Nuestra verdadera guerra


En las guerras que son verdaderamente nuestras, el Ejército
comandado por Calderón no es instrumento idóneo. En tanto
sociedad, nuestros enemigos profundos, históricos, son
fundamentalmente tres: el atraso económico, la muy injusta
distribución social de las cargas y los beneficios y, por último,
la ausencia y las fallas del entramado institucional.

El primer gran combate por sacar a México del marasmo
económico en que lo sumió el conflicto que llevó a la independencia,
lo encabezó un general -Porfirio Díaz-, pero su victoria no se
la debió al Ejército sino a los grandes inversores y las mejoras
en la infraestructura. Sin embargo, el costo social y político en
que incurrió fue tan grande, que al final, estalló de nuevo la
guerra civil. Otro general emprendió en 1934 la lucha social,
y aunque usó al Ejército, ese no fue ni con mucho su arma principal,
sino las organizaciones de masas y la redistribución de lo que
entonces era la riqueza más importante para el mexicano promedio:
la tierra. Con el final del gobierno cardenista se volvió a poner
el énfasis en el crecimiento económico pero, otra vez, a costa
de la equidad y de la justicia social. Por lo que respecta a la
eficacia de las instituciones legales y políticas, la lucha sólo ha
avanzado en el plano de la democracia política y de manera
muy deficiente, como lo demostró la última elección nacional.
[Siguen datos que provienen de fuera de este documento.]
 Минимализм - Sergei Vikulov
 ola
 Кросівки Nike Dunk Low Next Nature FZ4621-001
La primera transferencia pacífica del poder entre adversarios
por la vía del voto tuvo lugar en el 2000. Sin embargo, la economía
se mantuvo y se mantiene en la mediocridad que le ha caracterizado
desde hace ya casi un cuarto de siglo. La justicia social sigue
siendo un tema pospuesto por la élite del poder a la que le
parece suficiente contar con programas asistenciales que
mantengan mojada la pólvora social en un país donde la mitad
de la población está clasificada como pobre. La corrupción del
aparato de gobierno sigue sin abatirse y la defensa cerrada de
los fuertes intereses creados, ha desembocado en una situación
donde la democracia política es ya más forma que contenido.
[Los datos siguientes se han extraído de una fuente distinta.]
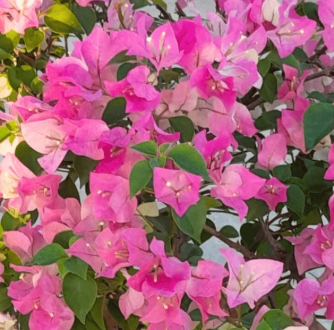 Pink & Cream Variegated Flowering Climbe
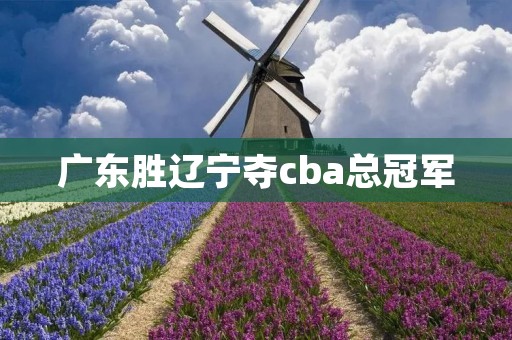 广东胜辽宁夺cba总冠军:重回巅峰的绝佳表现 广东胜辽宁夺cba总冠军:重回巅峰的绝佳表现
Si México debe declarar hoy una guerra y tener un líder fuerte
para que le guíe, los frentes principales son los que le marca
su propia historia: el frente social, el económico, la lucha contra
la corrupción y lograr una democracia política sin trampas,
equitativa y honesta. Esas son o deberían ser nuestras auténticas
guerras. Ahora bien, la lucha contra el narcotráfico debe
mantenerse, al menos para contenerlo. Pero sin resolver el
problema del consumo de dentro y de fuera, esa contienda no
se podrá ganar, incluso si Calderón se viste de general o le
aumenta el presupuesto del Ejército.